▶ [Extracted data]
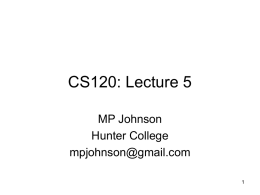 CS120: Lecture 5 MP Johnson Hunter College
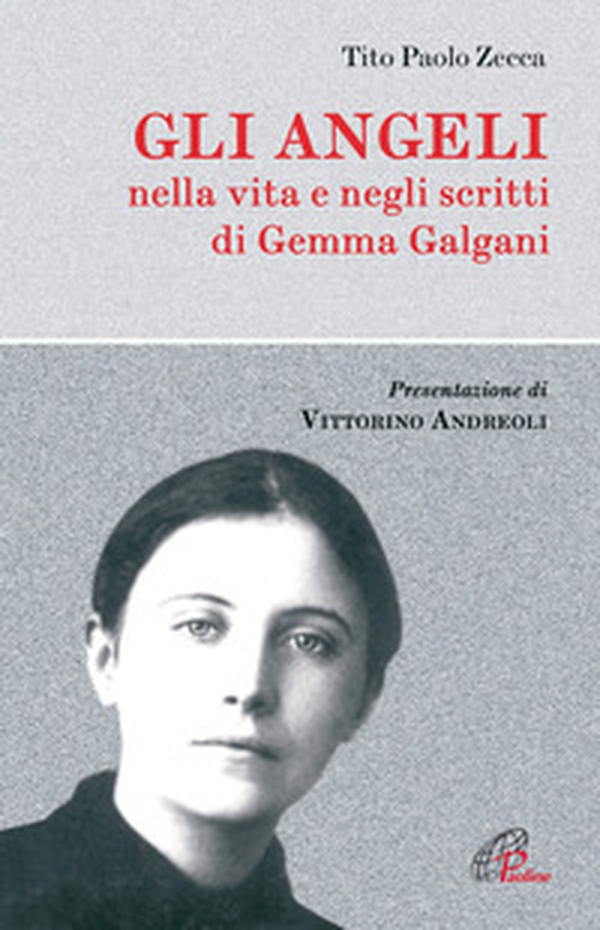 Gli angeli. Nella vita e negli scritti di Gemma Galgani - Librerie.coop Gli angeli. Nella vita e negli scritti di Gemma Galgani - Librerie.coop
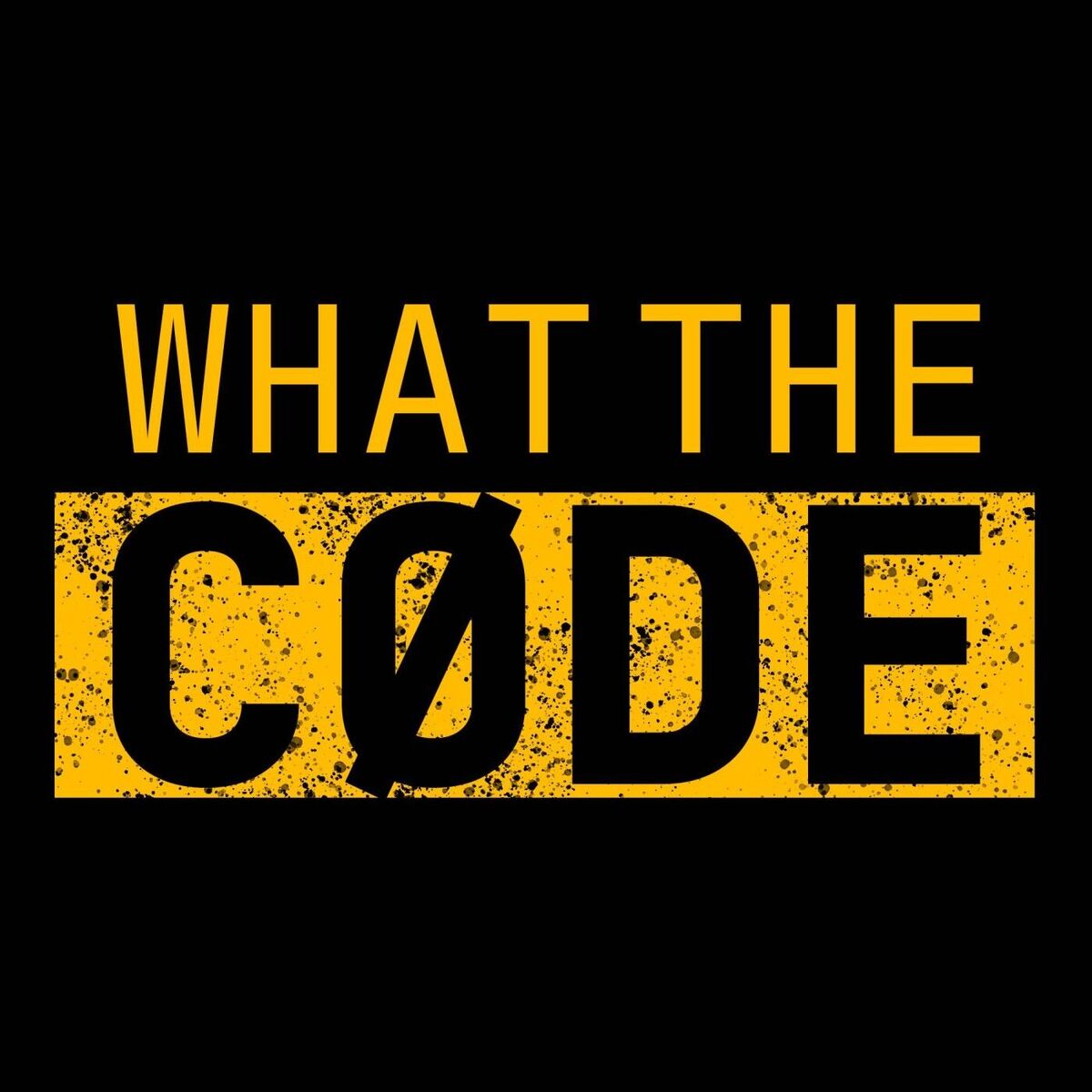 Show cover of What The Code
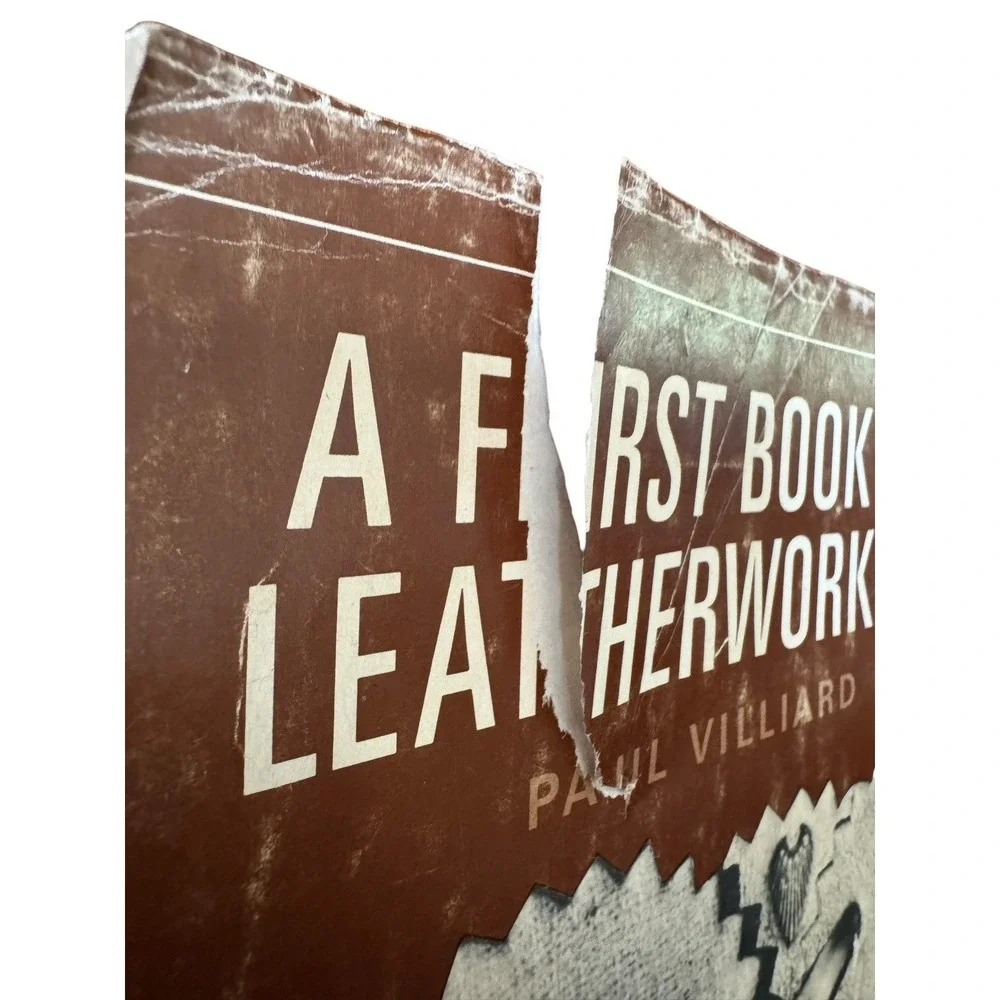 A First Book of Leatherworking Paul Villiard HC DJ 1972 Abelard Schuman READ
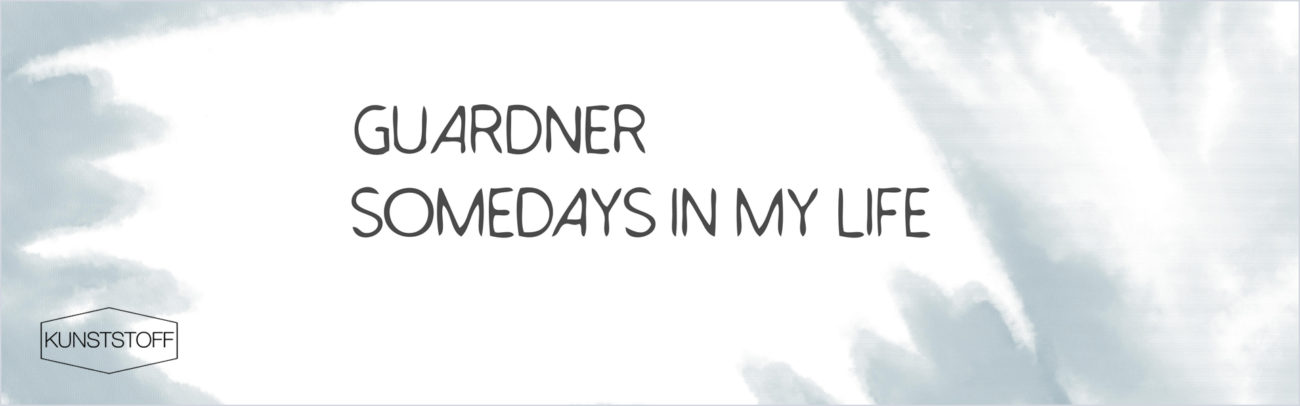 Guardener – Somedays In My Life – Banner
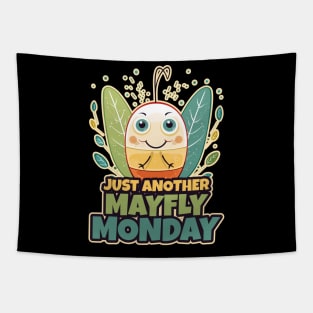 Just Another Mayfly Monday Cute Kawaii Design Tapestry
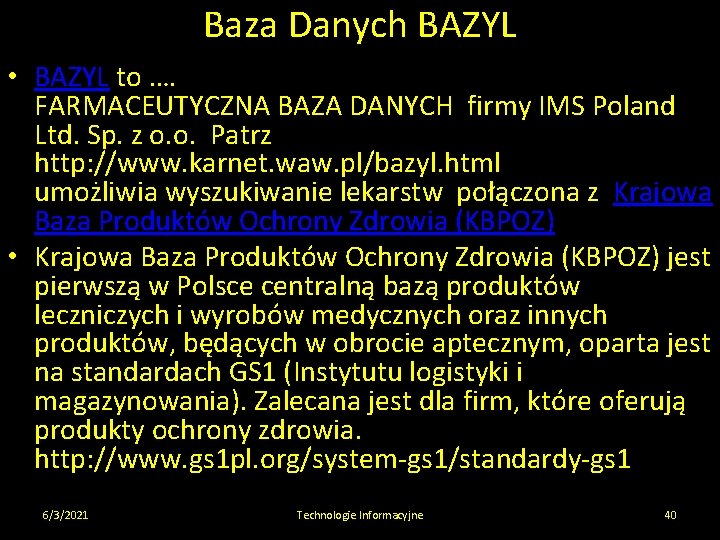 Baza Danych BAZYL • BAZYL to …. FARMACEUTYCZNA BAZA DANYCH firmy IMS Poland Ltd.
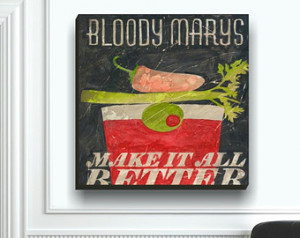 Bloody Marys Make It All Better - Cocktail Bar Wall Art by Aaron ...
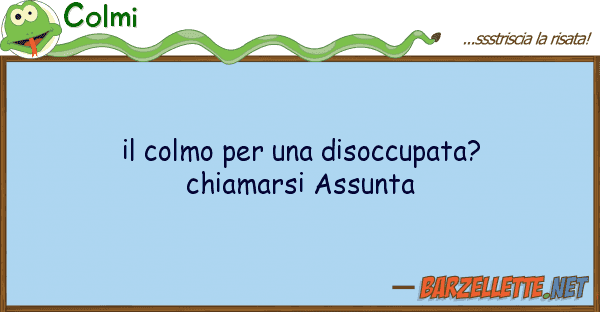 Colmi colmo disoccupata? chiamarsi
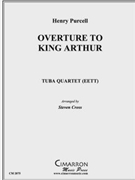 Overture to King Arthur by Purcell Henry - Cross Steven - for Tuba / Euphonium Quartet
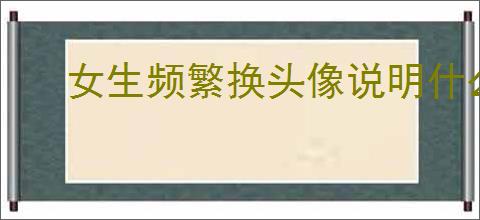 女生频繁换头像说明什么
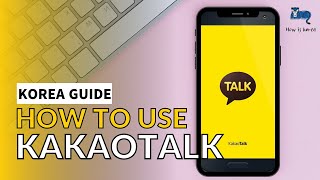 How to Use KakaoTalk  Downloading Making Account Adding Friends Video Calling Emoticons amp More [upl. by Nwatna444]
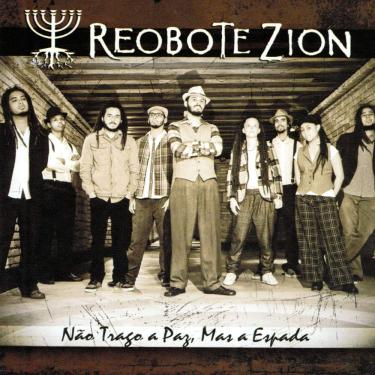 Imagem de CD Reobote Zion Não Trago a Paz , Mas a Espada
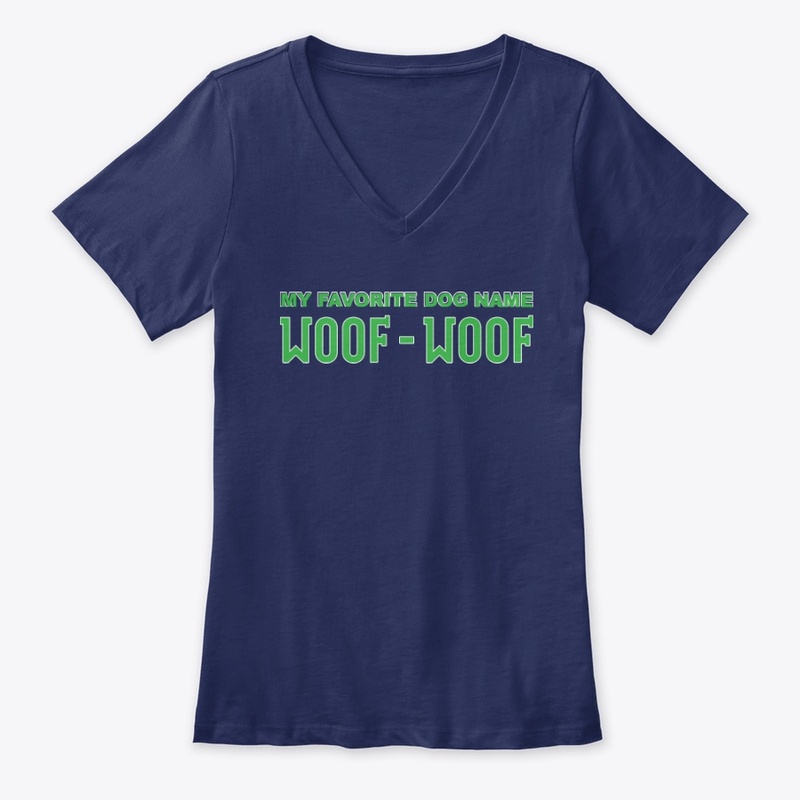 My Favorite Dog Name Woof Woof Apparel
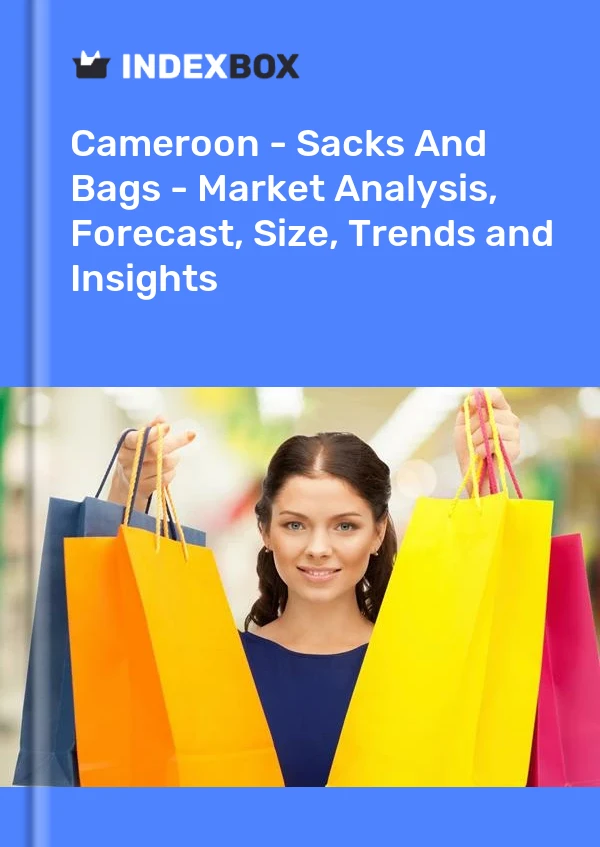 Report Cameroon - Sacks and Bags - Market Analysis, Forecast, Size, Trends and Insights for 499$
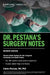 Dr. Pestana's Surgery Notes: Pocket-Sized Review for the Surgical Clerkship and Shelf Exams by Carlos Pestana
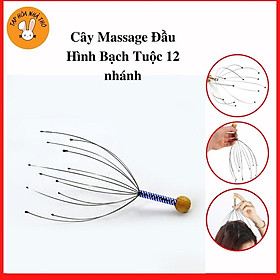 Mua Cây massage đầu  dụng cụ massage đầu hình bạch tuộc 12 nhánh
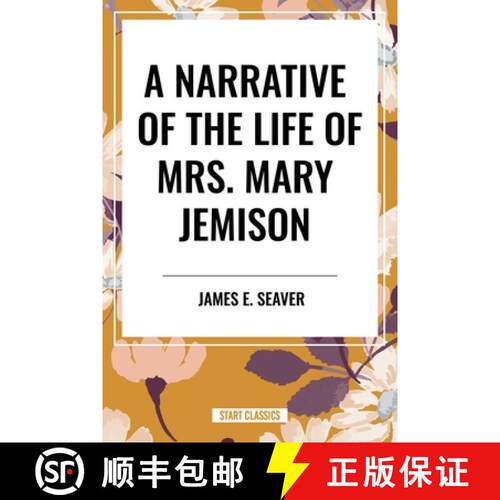 【3-4周达】精装 A Narrative of the Life of Mrs. Mary Jemison [9798880900459]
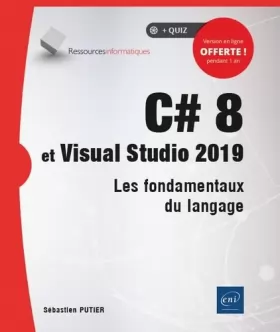 Couverture du produit · C 8 et Visual Studio 2019 - Les fondamentaux du langage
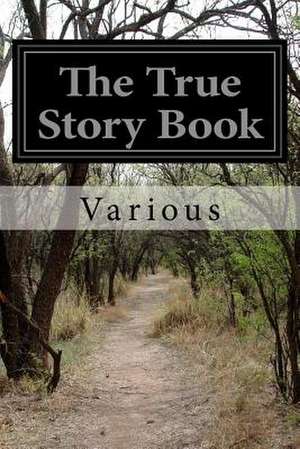 The True Story Book de Various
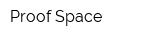 Proof Space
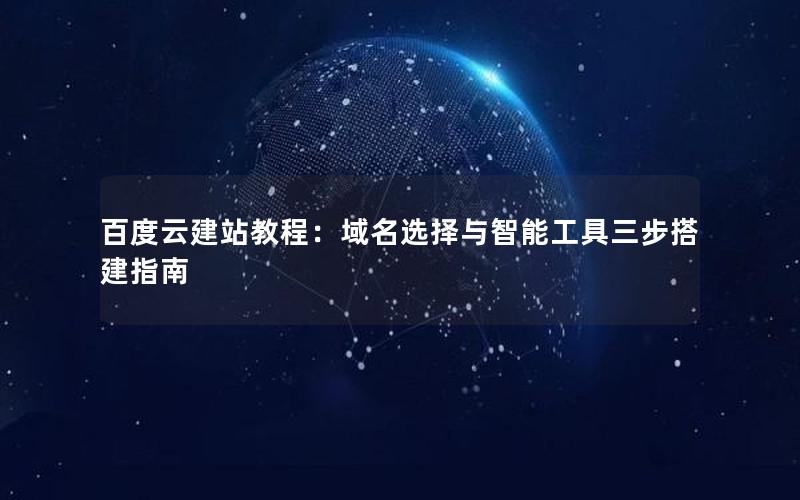 百度云建站教程：域名选择与智能工具三步搭建指南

▶ [Work task] Retype only the lines from the line with "Couverture du produit" through the last line of the data. Keep both ends and skip the pictures.

▶ [The answer]
 Couverture du produit · C 8 et Visual Studio 2019 - Les fondamentaux du langage
 The True Story Book de Various
 Proof Space
 百度云建站教程：域名选择与智能工具三步搭建指南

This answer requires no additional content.